> _EXERCISE DESCRIPTION_: Begin your copy at the line with "Ford Kuga 2.5" in the records below and end it at the line with "AMORTISOR ON GAZLI", restating each line word for word; omit the pictures.

= Beginning of Section =

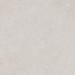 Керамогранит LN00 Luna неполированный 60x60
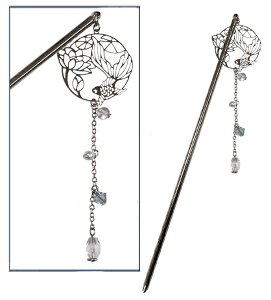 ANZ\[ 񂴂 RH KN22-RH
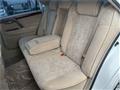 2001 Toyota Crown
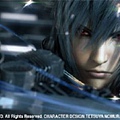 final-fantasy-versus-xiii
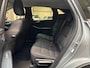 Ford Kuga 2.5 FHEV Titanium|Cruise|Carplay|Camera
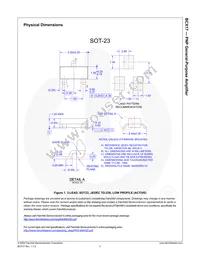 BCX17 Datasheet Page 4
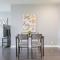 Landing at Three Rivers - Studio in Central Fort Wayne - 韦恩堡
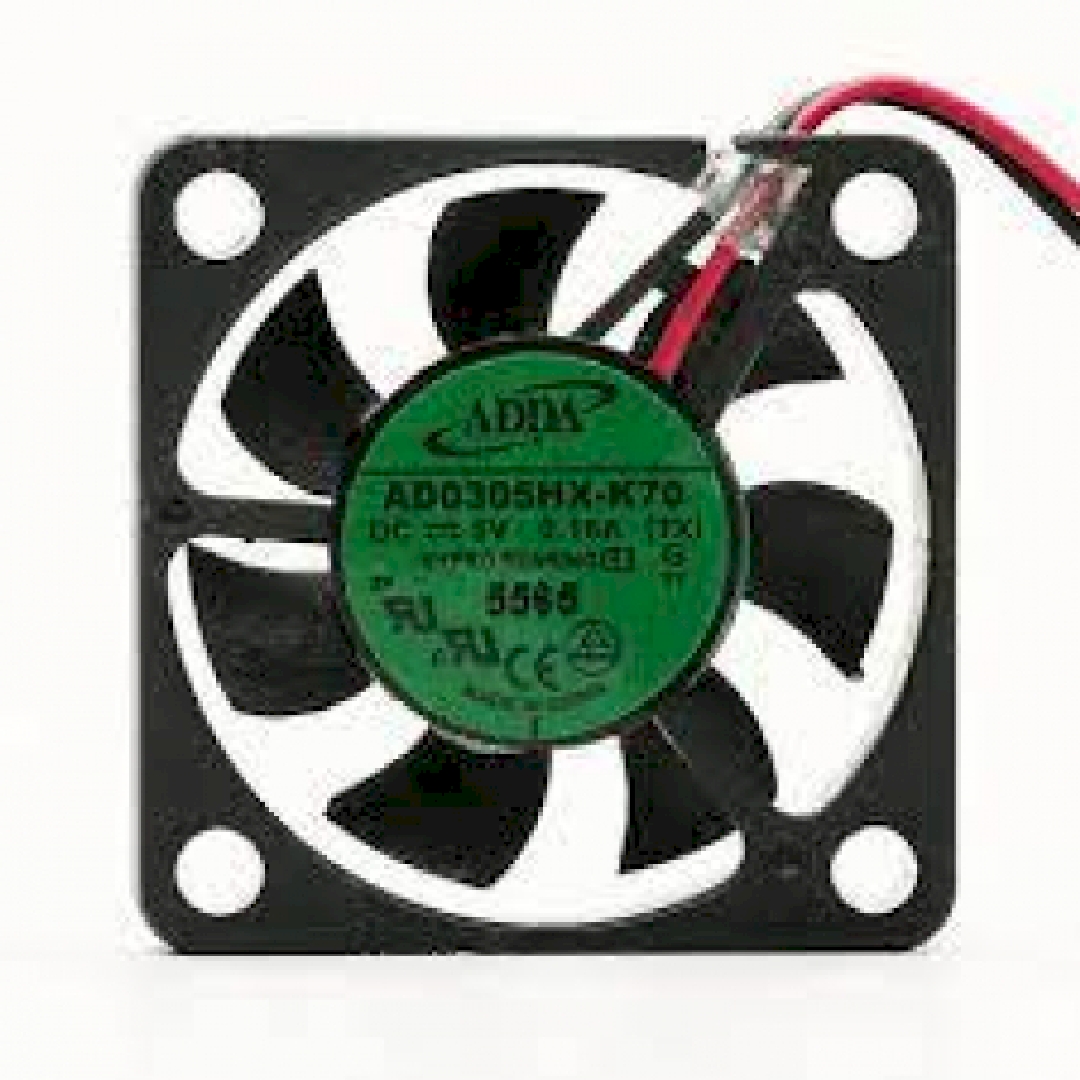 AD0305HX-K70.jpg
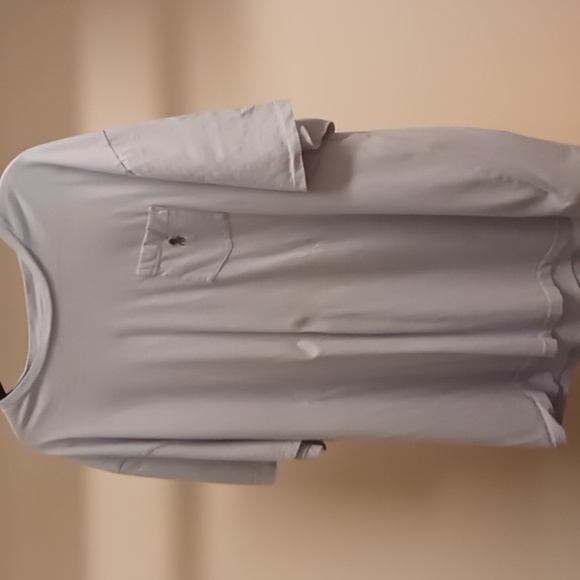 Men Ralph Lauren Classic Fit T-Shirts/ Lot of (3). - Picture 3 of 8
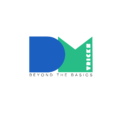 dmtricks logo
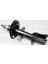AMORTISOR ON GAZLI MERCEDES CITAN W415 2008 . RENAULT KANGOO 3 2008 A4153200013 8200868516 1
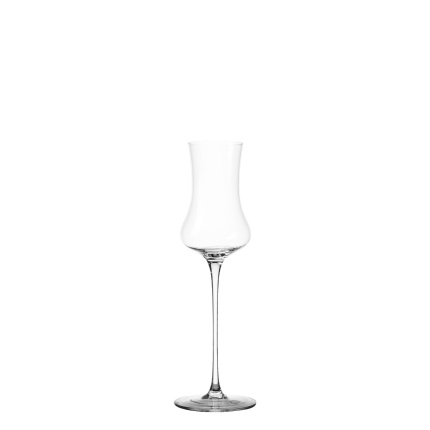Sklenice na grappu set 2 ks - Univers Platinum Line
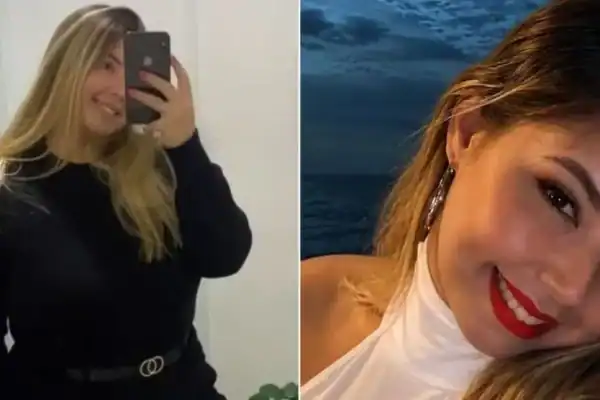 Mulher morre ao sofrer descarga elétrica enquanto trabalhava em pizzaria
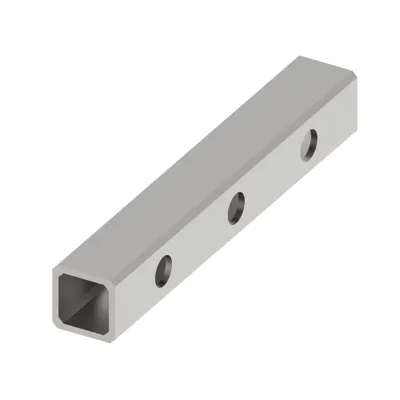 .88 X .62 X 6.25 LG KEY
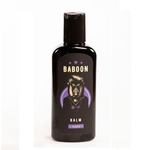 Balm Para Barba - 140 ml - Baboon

= End of Section =

> _ANSWER TO THIS TASK_:
 Ford Kuga 2.5 FHEV Titanium|Cruise|Carplay|Camera
 BCX17 Datasheet Page 4
 Landing at Three Rivers - Studio in Central Fort Wayne - 韦恩堡
 AD0305HX-K70.jpg
 Men Ralph Lauren Classic Fit T-Shirts/ Lot of (3). - Picture 3 of 8
 dmtricks logo
AMORTISOR ON GAZLI MERCEDES CITAN W415 2008 . RENAULT KANGOO 3 2008 A4153200013 8200868516 1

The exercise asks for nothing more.